Figure 3. Epigenetics and Stress Responding: Example of the FKBP5 GeneFKBP5 regulates the HPA axis and is epigenetically modified by childhood abuse in a genotype dependent manner

(A) FKBP5 is a co-chaperone of the glucocorticoid receptor (GR), binding via hsp90 and reducing its affinity for cortisol thus providing a ultra short feedback loop to limit HPA activation. In response to cortisol binding, FKBP5 is replaced by FKBP4 which facilitates the translocation of the GR-complex into the nucleus where the GR binds to glucocorticoid response elements (GRE). Among other stress responsive genes, FKBP5 transcription and translation is increased via intronic response elements, which confers higher GR resistance, serving as an ultra-short negative feedback loop on GR sensitivity. (B) Epigenetic regulation of FKBP5 in response to childhood abuse. The genetic predisposition in FKBP5 determines the three-dimensional organization of the FKBP5 locus and the stress dependent transcriptional activation of the gene with higher mRNA expression in risk allele carriers due to an increased interaction of distal GREs. In response to childhood abuse, carriers of the protective genotype maintain a stable epigenetic profile whereas in risk allele carriers, trauma induces a demethylation in GRE with further de-repression of FKBP5 transcriptional activation. The resulting HPA axis deregulation contributes to the development of psychiatric disorders (adapted from Klengel et al, 2013).

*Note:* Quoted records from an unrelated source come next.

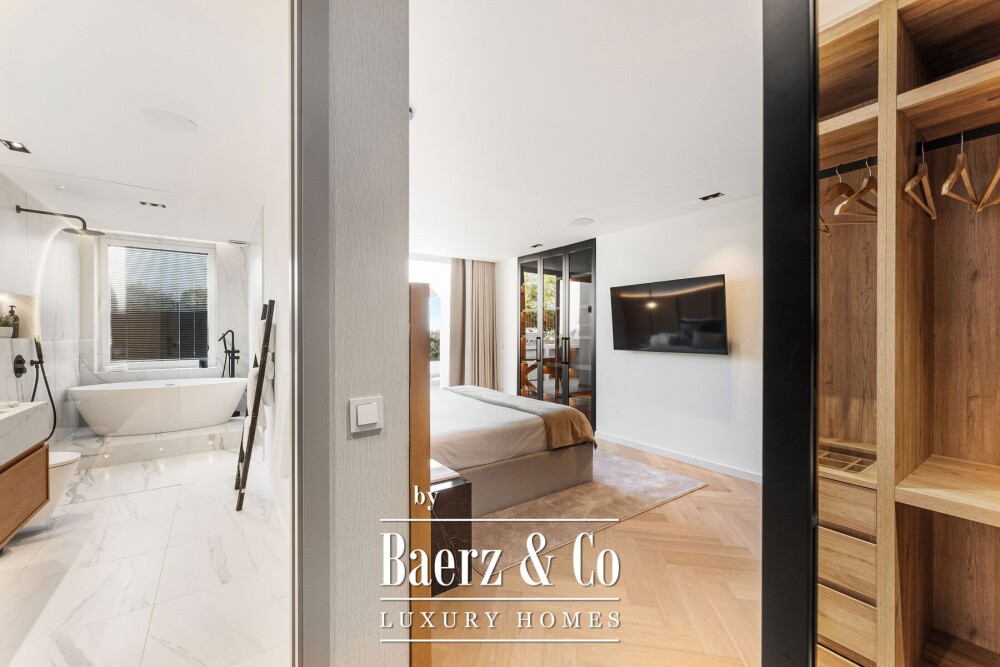 Townhouse - Golden Mile - Marbella - Ref: 8627 image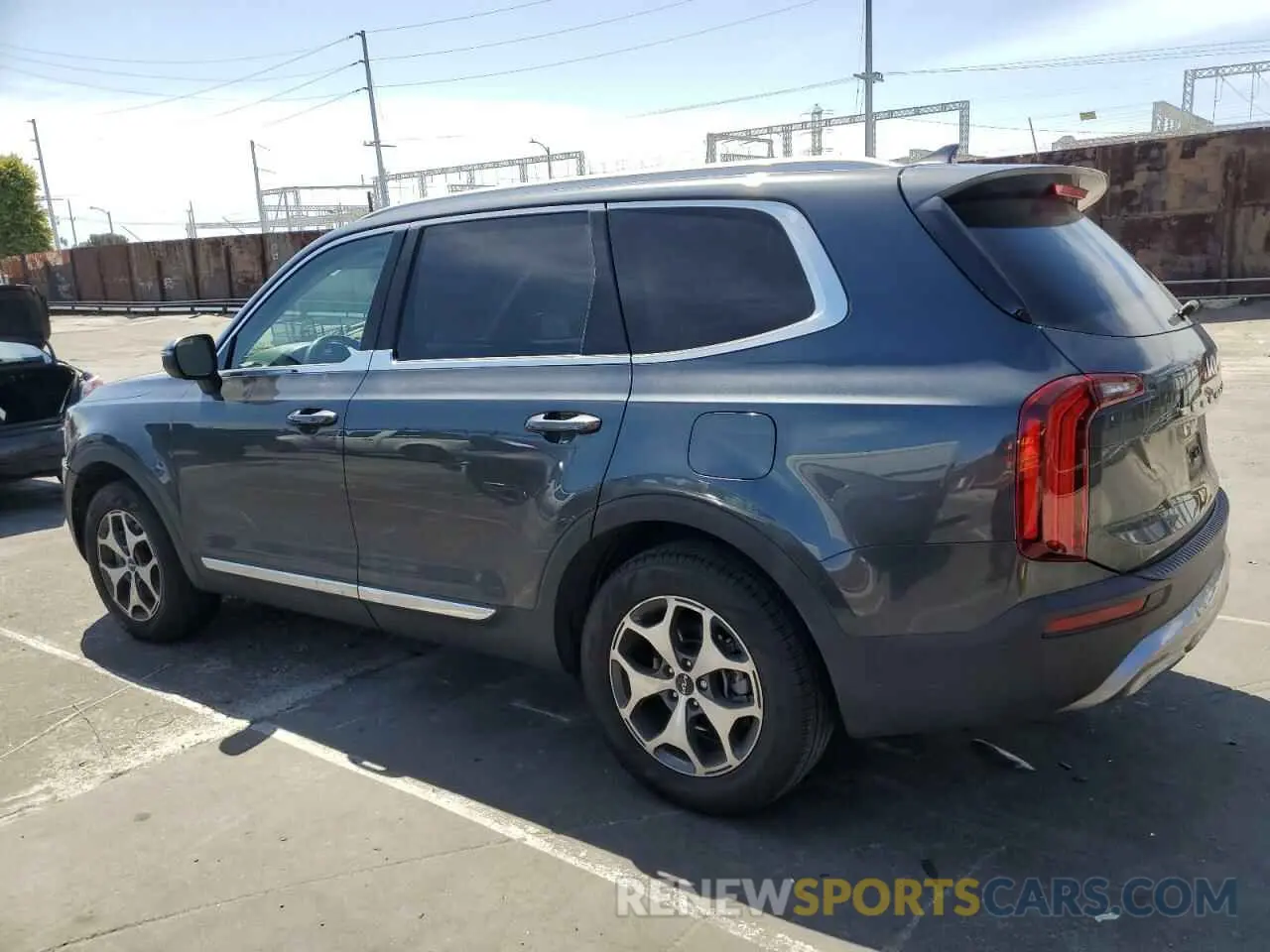 2 Photograph of a damaged car 5XYP34HC5NG282889 KIA TELLURIDE 2022
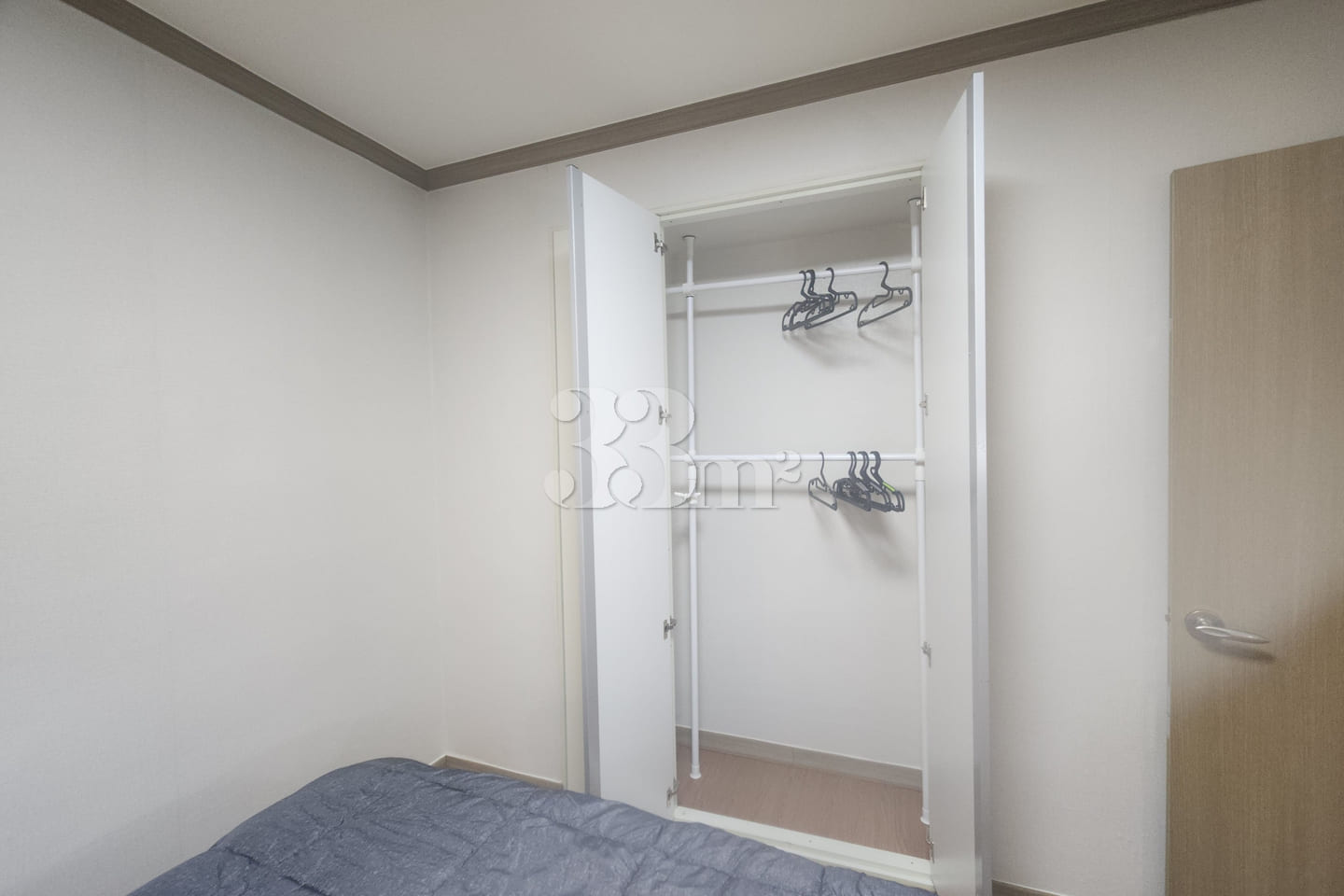 Spacious two-room unit with a vacation-rental 4th image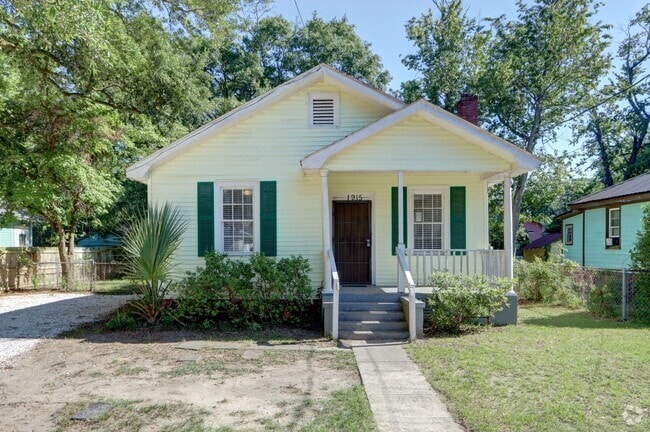 Building Photo - Renovated Three Bedroom, Two Bathroom Sing... Rental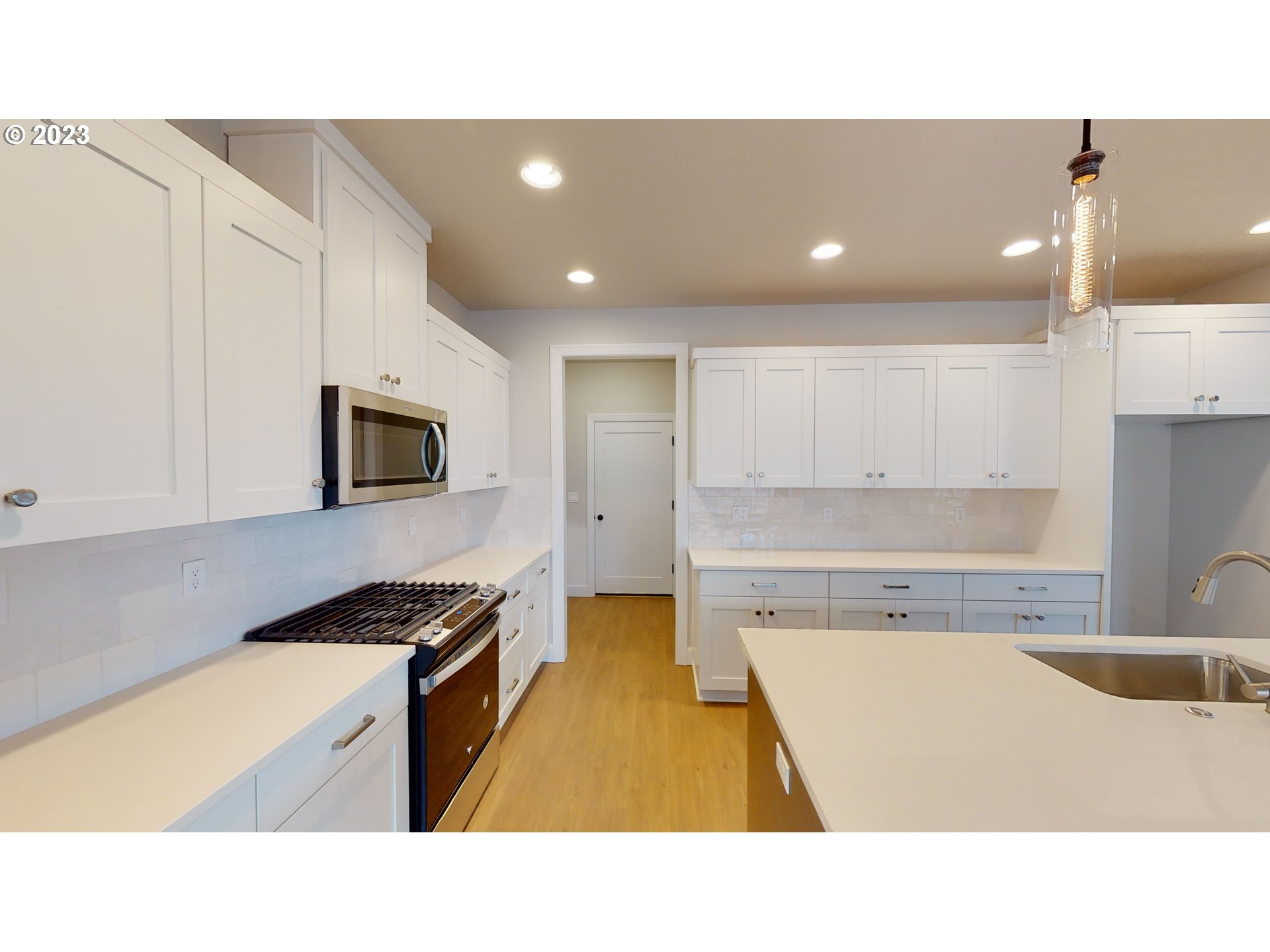 1009 NE 17th AVE L 10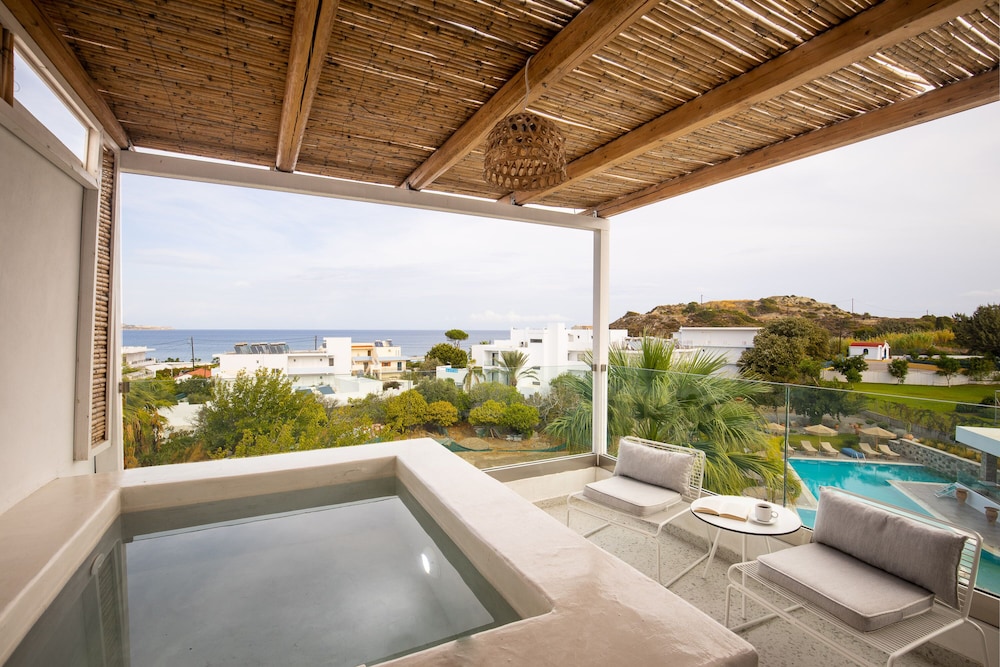 Kouros Exclusive Suites - Adults Only — Hotel rooms in Faliraki, South Aegean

Figure 4. Epigenetic Transmission of Learned Olfactory Behavior

Training an F0 generation of mice in an olfactory fear conditioning paradigm wherein a particular odor (orange lines) is paired with a mild foot-shock (blue jagged shape) results in a sensitivity toward that odor in the F0 generation that also extends into the F1 and F2 generations that have never been exposed to that odor before. When Acetophenone (sensed by M71 receptors) is used as the conditioning odor in the F0 generation, there are more M71-expressing olfactory sensory neurons in the nose of these animals that then results in more axons converging into larger glomeruli in the olfactory bulbs of the brain. This enhanced neuroanatomical representation for M71 is also observed in the F1 and F2 generation, and of note, in a generation created via in vitro fertilization (IVF). The persistence of sensitivity to the F0 conditioned odors in F1, F2, and cross-fostered (not depicted) generations implies a biological inheritance of information, as is the case made by the observation of more M71 representation in F1, F2, and IVF-derived generations. We observe decreased DNA methylation around the M71 receptor gene in sperm of the F0 and F1 generations, potentially associated with the enhanced representation for M71 neurons in the descendant generations.